Extending NaplesPU for OpenCL support

From NaplesPU Documentation
Jump to: navigation, search

This section describes how the OpenCL C kernel compilation is supported in the NaplesPU toolchain. Since Clang natively supports the IR generation of OpenCL C kernels, our work focused on the adaption of the generated code on the NaplesPU core. As the NaplesPU start routine requires to jump to the main label after having initialized all necessary resources, it is necessary to build a custom optimization pass, to auto-generate the main-function and to define the calling frame to the kernel function. Also OpenCL requires the implementation of custom libraries, extending the libc set.

LLVM IR Optimization

An IR optimization can be of two different types:

  • Analysis, does not provide a modification of the intermediate representation;
  • Transform, produces a modified IR as output.

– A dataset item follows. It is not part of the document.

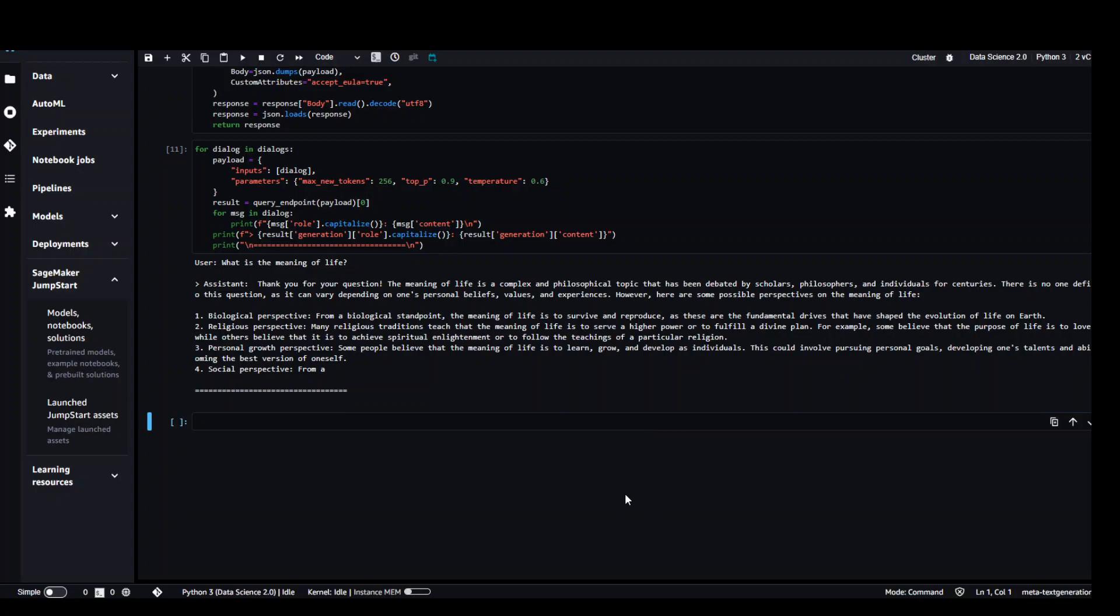So this is it guys. In this video you have seen how to use AWS SageMaker to try out this Llama 2 model from the JumpStart. I hope that you like the content. If you have any feedback or questions please put them in the comments and please consider subscribing to the channel. Thank you.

LLVM provides an API to create a new optimization pass, hierarchically implemented on the Pass Class from which the following ones inherit:

  • ModulePass: it is the most general pass. It allows the whole module and the function of which it is composed to be checked.
  • FunctionPass: it allows functions defined in all modules (except for the external ones) to be managed without pursuing a specific order. Functions cannot be deleted.
  • BasicBlockPass: it allows basic blocks to be managed. A basic block can be modified but not removed.

As a consequence of the classification provided above, for our purpose, the definition of a ModulePass is the most suitable choice.

To write a custom module pass, it is necessary to define a new class by inheriting the ModulePass one and overriding the runOnModule() method. It contains the code that is executed at each LLVM per-module optimization. If the defined pass modifies the IR, the runOnModule function returns a true value. Otherwise, it returns a false value. As previously discussed, the custom pass should create the main function by parsing the arguments from the argv field, and then by calling the kernel function with the right parameters.

The generated code should be of the form as described below.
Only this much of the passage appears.